Delegates: Ms. Chiranthi Senanayake, Mr. Sachinda Dulanjana
51. Ms. Senanayake (Sri Lanka), speaking as a youth delegate, said that her country’s extensive youth related infrastructure operated under the umbrella of the Ministry of National Policies and Economic Affairs and included organizations such as a national youth
services council and a national federation of youth clubs. Free education had contributed to a literacy rate of more than 90 per cent. However, youth unemployment and underemployment remained high, owing in part to a need to develop youth skills by, for
example, focusing skill development programmes on the job market and increasing computer literacy. In that connection, Sri Lanka took pride in having contributed
to the establishment of World Youth Skills Day.

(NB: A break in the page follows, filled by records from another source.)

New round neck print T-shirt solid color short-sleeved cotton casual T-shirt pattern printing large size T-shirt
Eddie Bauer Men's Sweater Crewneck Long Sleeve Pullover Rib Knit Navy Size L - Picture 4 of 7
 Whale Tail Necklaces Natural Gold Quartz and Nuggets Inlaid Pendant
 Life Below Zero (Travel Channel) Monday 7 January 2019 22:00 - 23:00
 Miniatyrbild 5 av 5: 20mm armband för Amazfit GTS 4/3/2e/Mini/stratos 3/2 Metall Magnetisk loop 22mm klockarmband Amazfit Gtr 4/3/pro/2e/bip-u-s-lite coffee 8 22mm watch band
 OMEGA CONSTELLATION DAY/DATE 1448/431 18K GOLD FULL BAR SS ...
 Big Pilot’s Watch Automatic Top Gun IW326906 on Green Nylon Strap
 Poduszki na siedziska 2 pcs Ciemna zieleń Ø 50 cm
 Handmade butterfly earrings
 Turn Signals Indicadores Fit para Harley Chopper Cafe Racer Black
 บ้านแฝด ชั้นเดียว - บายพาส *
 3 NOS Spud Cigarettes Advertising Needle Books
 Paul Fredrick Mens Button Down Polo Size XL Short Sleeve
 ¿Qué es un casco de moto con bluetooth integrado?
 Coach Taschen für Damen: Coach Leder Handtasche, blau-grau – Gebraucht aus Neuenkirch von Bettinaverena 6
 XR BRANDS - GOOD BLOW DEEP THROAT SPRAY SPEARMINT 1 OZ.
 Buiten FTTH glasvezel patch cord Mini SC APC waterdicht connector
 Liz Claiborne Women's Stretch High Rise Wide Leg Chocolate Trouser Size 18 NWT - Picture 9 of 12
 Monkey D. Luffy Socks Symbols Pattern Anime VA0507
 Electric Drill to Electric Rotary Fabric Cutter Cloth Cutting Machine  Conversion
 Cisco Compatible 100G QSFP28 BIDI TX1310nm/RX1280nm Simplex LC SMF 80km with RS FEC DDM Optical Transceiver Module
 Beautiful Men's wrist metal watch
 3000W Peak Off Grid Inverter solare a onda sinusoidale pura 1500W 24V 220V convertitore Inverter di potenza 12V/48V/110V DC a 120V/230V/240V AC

52. Mr. Dulanjana (Sri Lanka), speaking as a youth delegate, said that in 2015, with the support of the Ministry of Sustainable Development and Wildlife, the United Nations Information Centre in Sri Lanka had conducted an island-wide campaign to raise youth
awareness of the Sustainable Development Goals. Sri Lanka ranked second in the world for volunteerism, and young volunteers could be a driving force for achieving sustainable development. Young people needed to be educated about the importance of advocating
appropriate measures to protect human rights, including steps to increase the number of women parliamentarians and to create nurturing environments for girls and disabled children. The Sri Lankan youth delegates pledged to work to empower youth and create
the necessary environment for their development.